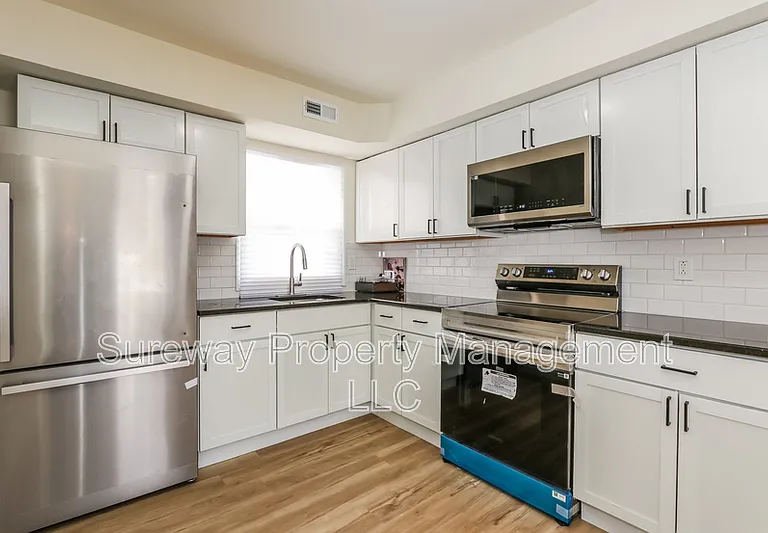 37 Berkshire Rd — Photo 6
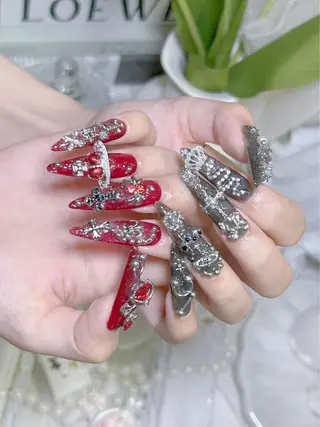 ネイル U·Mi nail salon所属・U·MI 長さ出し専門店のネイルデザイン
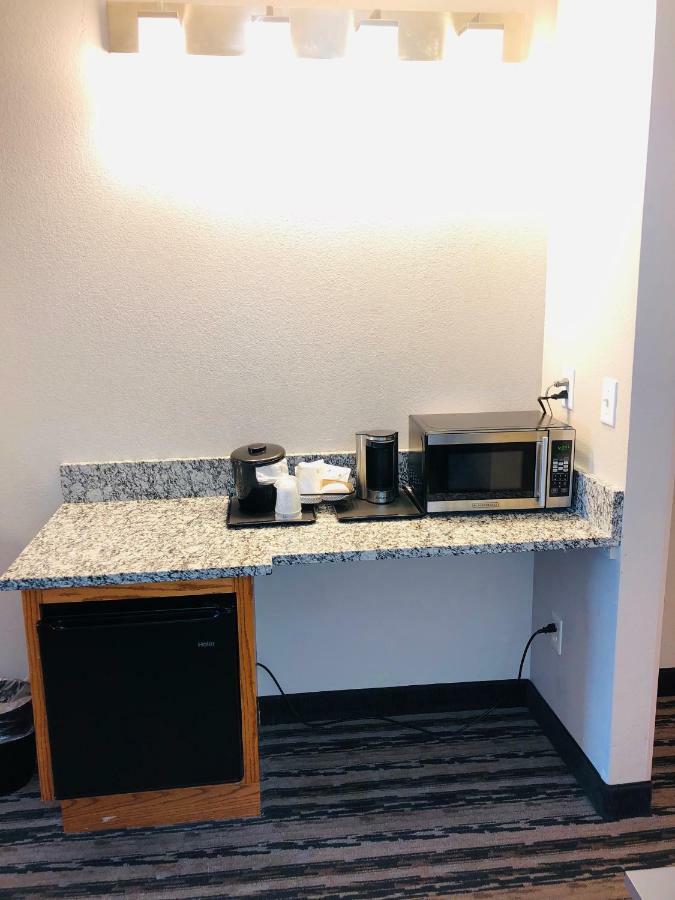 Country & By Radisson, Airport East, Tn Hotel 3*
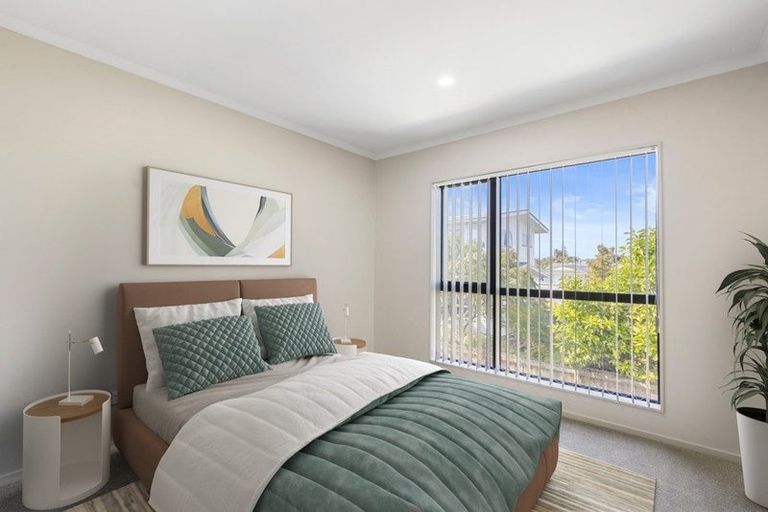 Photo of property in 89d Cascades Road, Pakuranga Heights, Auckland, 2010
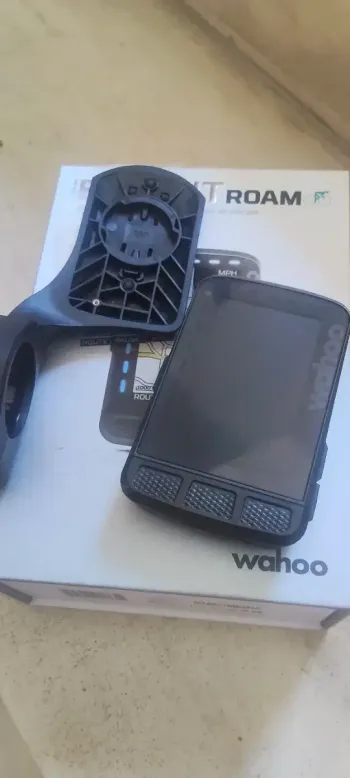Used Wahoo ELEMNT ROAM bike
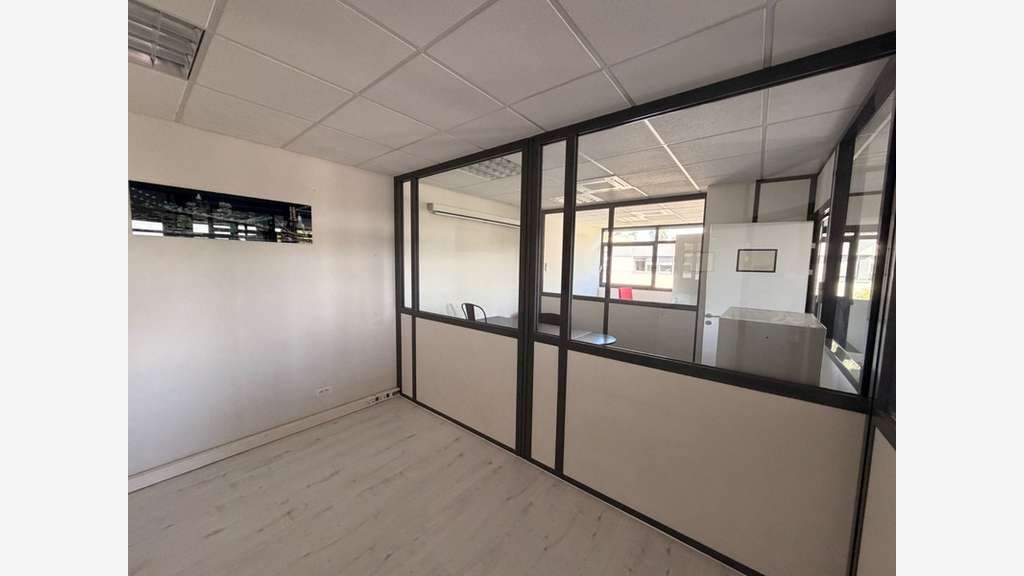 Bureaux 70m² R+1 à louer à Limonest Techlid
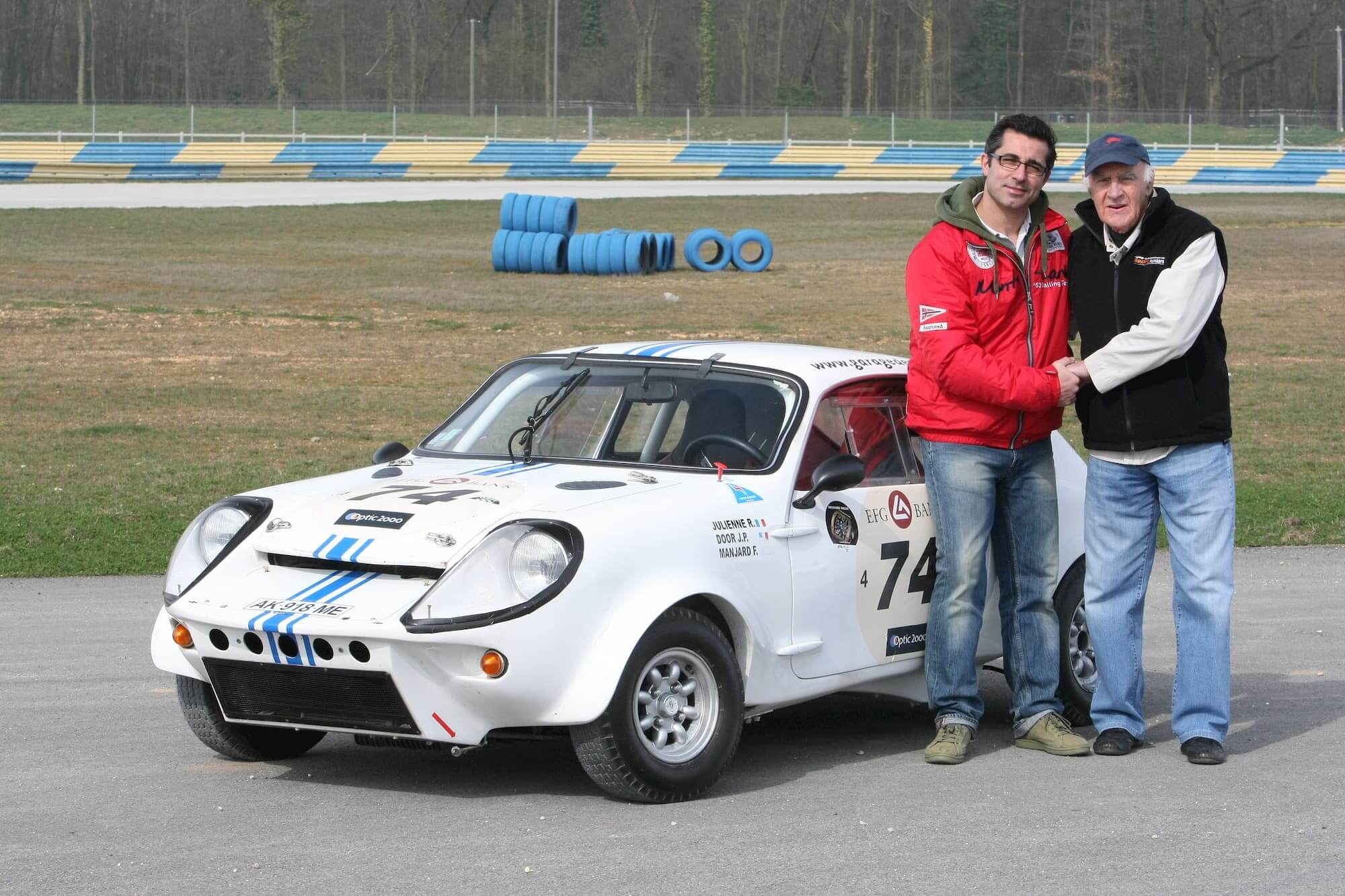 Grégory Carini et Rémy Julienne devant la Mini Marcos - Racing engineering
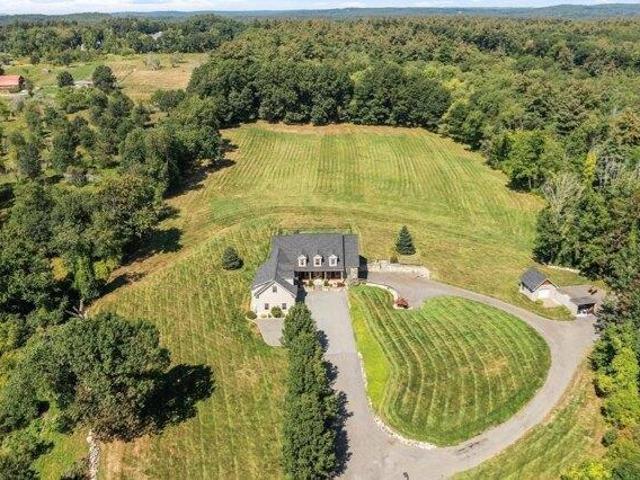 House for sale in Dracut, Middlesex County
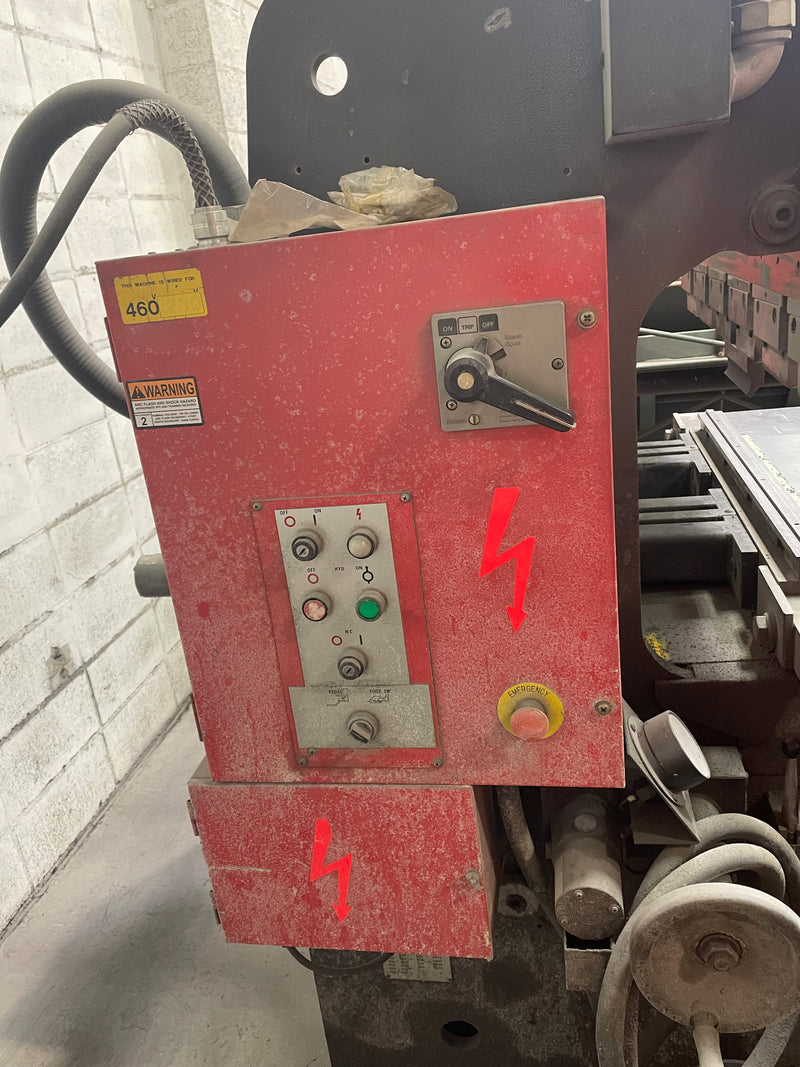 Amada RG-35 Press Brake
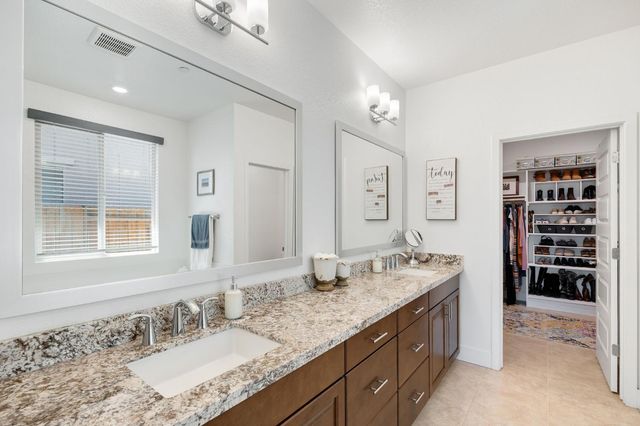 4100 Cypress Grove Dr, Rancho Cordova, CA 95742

Assigned task — The expected output is an exact copy of the lines from the one holding "Photo of property" through the last line of the listing above, with the pictures omitted.

Solution to this exercise —
 Photo of property in 89d Cascades Road, Pakuranga Heights, Auckland, 2010
Used Wahoo ELEMNT ROAM bike
 Bureaux 70m² R+1 à louer à Limonest Techlid
 Grégory Carini et Rémy Julienne devant la Mini Marcos - Racing engineering
 House for sale in Dracut, Middlesex County
 Amada RG-35 Press Brake
 4100 Cypress Grove Dr, Rancho Cordova, CA 95742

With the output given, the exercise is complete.